═══ Extracted information ═══
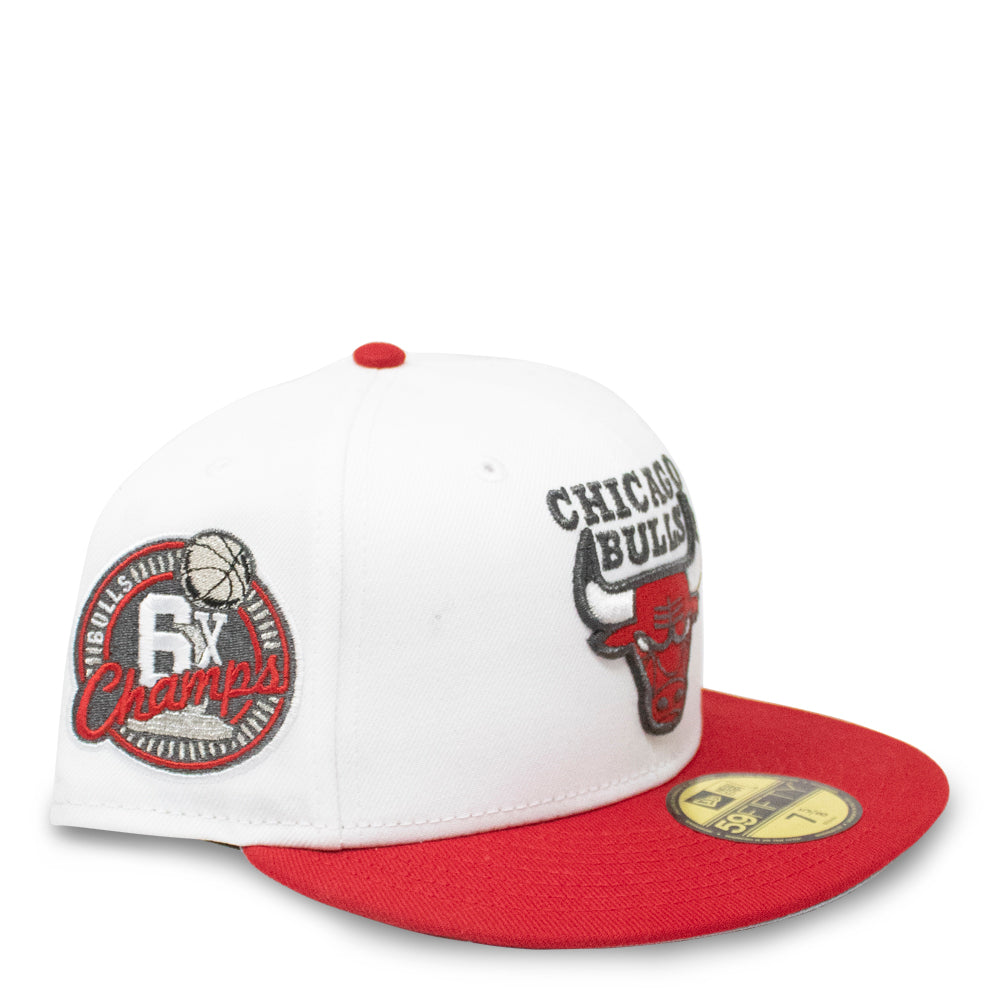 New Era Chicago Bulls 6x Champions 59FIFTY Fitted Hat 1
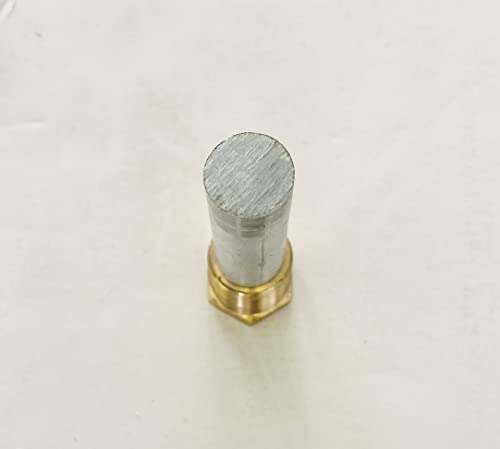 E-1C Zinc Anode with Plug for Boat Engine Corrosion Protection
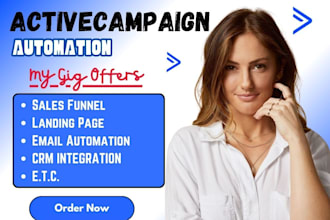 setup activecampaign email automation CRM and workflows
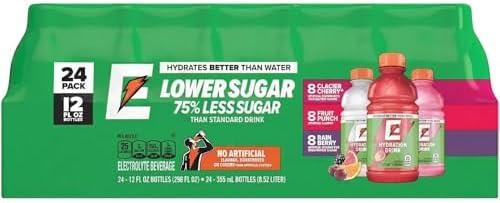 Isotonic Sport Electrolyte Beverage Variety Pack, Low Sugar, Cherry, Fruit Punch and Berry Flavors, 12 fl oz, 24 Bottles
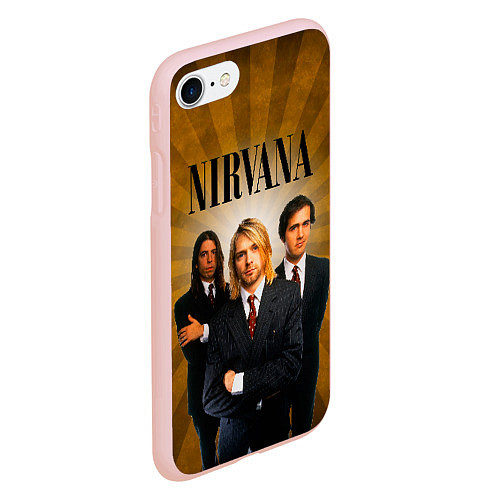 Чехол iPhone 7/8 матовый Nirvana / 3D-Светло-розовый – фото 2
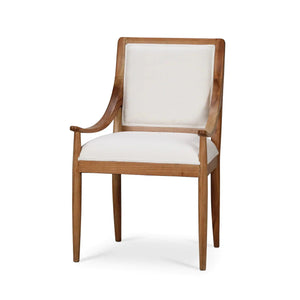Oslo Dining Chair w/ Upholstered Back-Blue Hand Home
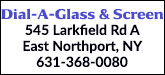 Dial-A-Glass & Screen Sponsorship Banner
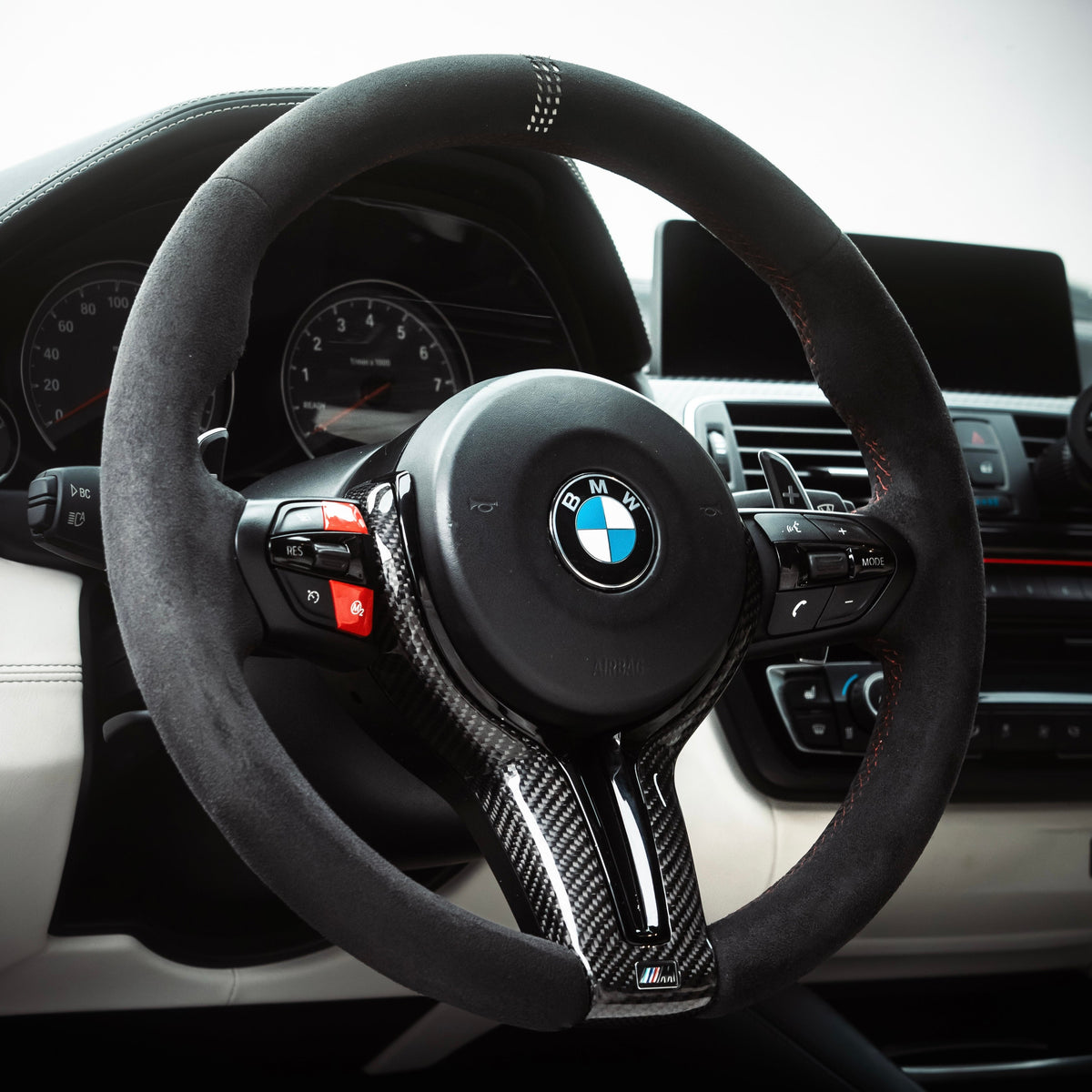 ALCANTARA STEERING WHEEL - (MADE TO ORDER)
═══
Try it: Retype only the lines above from the one with "Oslo Dining Chair" through the last, both ends included, keeping every picture out of the copy.

Response to the exercise:
Oslo Dining Chair w/ Upholstered Back-Blue Hand Home
 Dial-A-Glass & Screen Sponsorship Banner
 ALCANTARA STEERING WHEEL - (MADE TO ORDER)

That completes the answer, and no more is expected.